To begin, we import a few libraries that will help in generating some synthetic sales data. 

In [None]:
import random
from datetime import datetime, timedelta

import numpy as np
import pandas as pd

First, we'll declare an Enum object called `SalesDataModel` to represent the different types of sales data trends we can generate: 

In [None]:
from enum import Enum

class SalesDataModel(Enum):
    RANDOM = 0
    SINUSOID = 1
    SPARSE = 2

Next, we define the `SalesDataGenerator` class that takes a couple of arguments that define the characteristics of the data to be generated:

In [None]:
from typing import List, Mapping

class SalesDataGenerator:
    def __init__(
        self,
        start_date: datetime,
        num_days: int,
        item_to_location: Mapping[str, List[str]],
        item_to_class: Mapping[str, List[str]],
        min_sales_per_day: int = 0,
        max_sales_per_day: int = 1000,
    ):
        self.start_date = start_date
        self.num_days = num_days
        self.item_to_location = item_to_location
        self.item_to_class = item_to_class
        self.min_sales_per_day = min_sales_per_day
        self.max_sales_per_day = max_sales_per_day

    def synthesize(self, data_model: SalesDataModel = SalesDataModel.RANDOM):
        df = pd.DataFrame(columns=["Date", "Item", "Location", "Sales"])
        for item, locations in self.item_to_location.items():
            for location in locations:
                if data_model == SalesDataModel.RANDOM:
                    sales = np.random.randint(
                        self.min_sales_per_day, self.max_sales_per_day, self.num_days
                    )
                elif data_model == SalesDataModel.SINUSOID:
                    alpha = 0.9
                    gain = alpha * (self.max_sales_per_day - self.min_sales_per_day)
                    periods = np.random.randint(1, 6, 1)
                    nn = np.linspace(0, int(periods), self.num_days)
                    base_sales = (
                        gain * np.abs(np.cos(np.pi * nn))
                        + alpha * self.min_sales_per_day
                    )
                    noise = np.random.randint(
                        (1 - alpha) * self.min_sales_per_day,
                        (1 - alpha) * self.max_sales_per_day,
                        self.num_days,
                    )
                    sales = base_sales + noise
                    sales = sales.astype(int).tolist()
                elif data_model == SalesDataModel.SPARSE:
                    thresh = 0.1
                    sales = [
                        0
                        if np.random.rand() > thresh
                        else np.random.randint(
                            self.min_sales_per_day, self.max_sales_per_day, 1
                        )
                        for _ in range(self.num_days)
                    ]
                _df = pd.DataFrame(
                    {
                        "Date": [
                            self.start_date + timedelta(days=diff)
                            for diff in range(self.num_days)
                        ],
                        "Item": [item] * self.num_days,
                        "Location": [location] * self.num_days,
                        "Sales": sales,
                        "Item Class": [self.item_to_class[item]] * self.num_days,
                    }
                )
                df = pd.concat([df, _df], ignore_index=True)
        return df

For example, let's set the parameters to generate sales data over 5 years (`num_days`) backwards from today.
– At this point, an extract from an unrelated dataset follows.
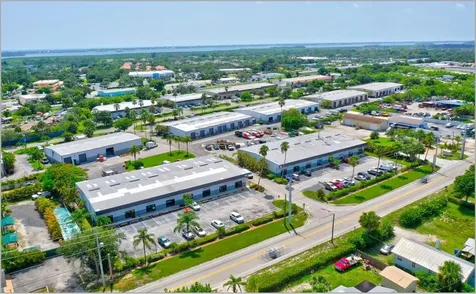 677 8th Court Vero Beach FL 32962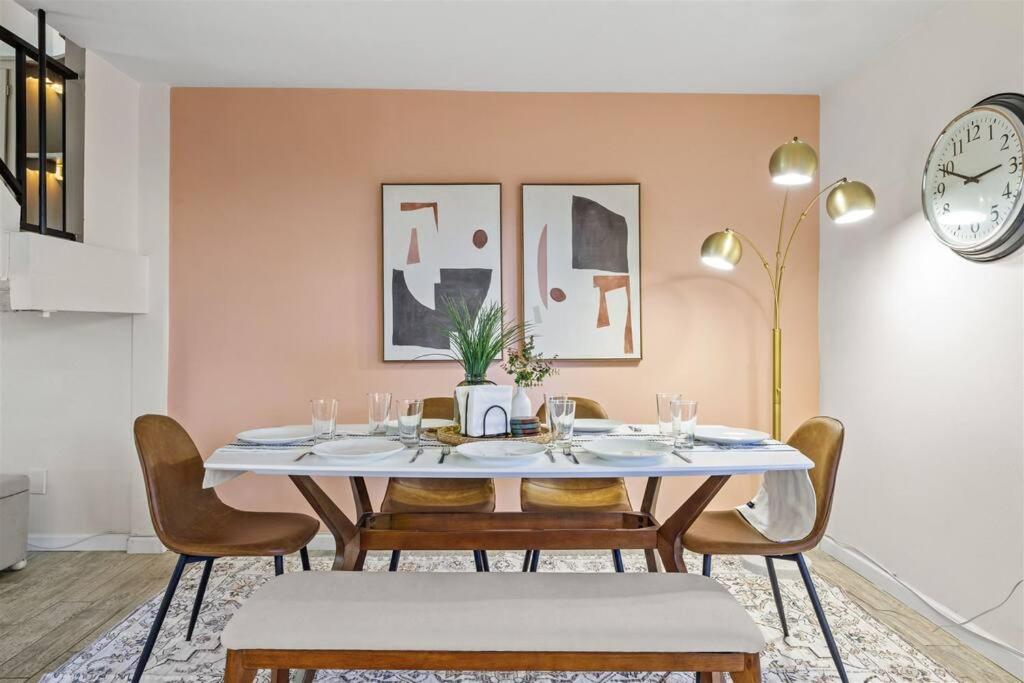 Apartment The Scott Pad - Remodeled Space, Large Pool, Centrally Located In The Heart Of Scottsdale! *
We'll include 20 items, with each item being sold at 5 locations. Each item belongs to a item class randomly selected from 3 classes (this will be a static covariate when we get to the modeling section). 

In [None]:
num_days = 365 * 5
items = [f"Item {idx}" for idx in range(20)]
locations = [f"Location {idx}" for idx in range(5)]
item_to_class = {
    item: random.choice(["Item Class A", "Item Class B", "Item Class C"])
    for item in items
}

Next, we generate the data. For this example, we'll generate sinusoidal data (which also incorporates noise). Note that the `min_sales_per_day` argument is negative, meaning that the net sales for the day could be items returned. 

In [None]:
generator = SalesDataGenerator(
    start_date=datetime.today().date() - timedelta(days=num_days),
    num_days=num_days,
    item_to_location={item: locations for item in items},
    item_to_class=item_to_class,
    max_sales_per_day=1000,
    min_sales_per_day=-100,
)
data = generator.synthesize(data_model=SalesDataModel.SINUSOID)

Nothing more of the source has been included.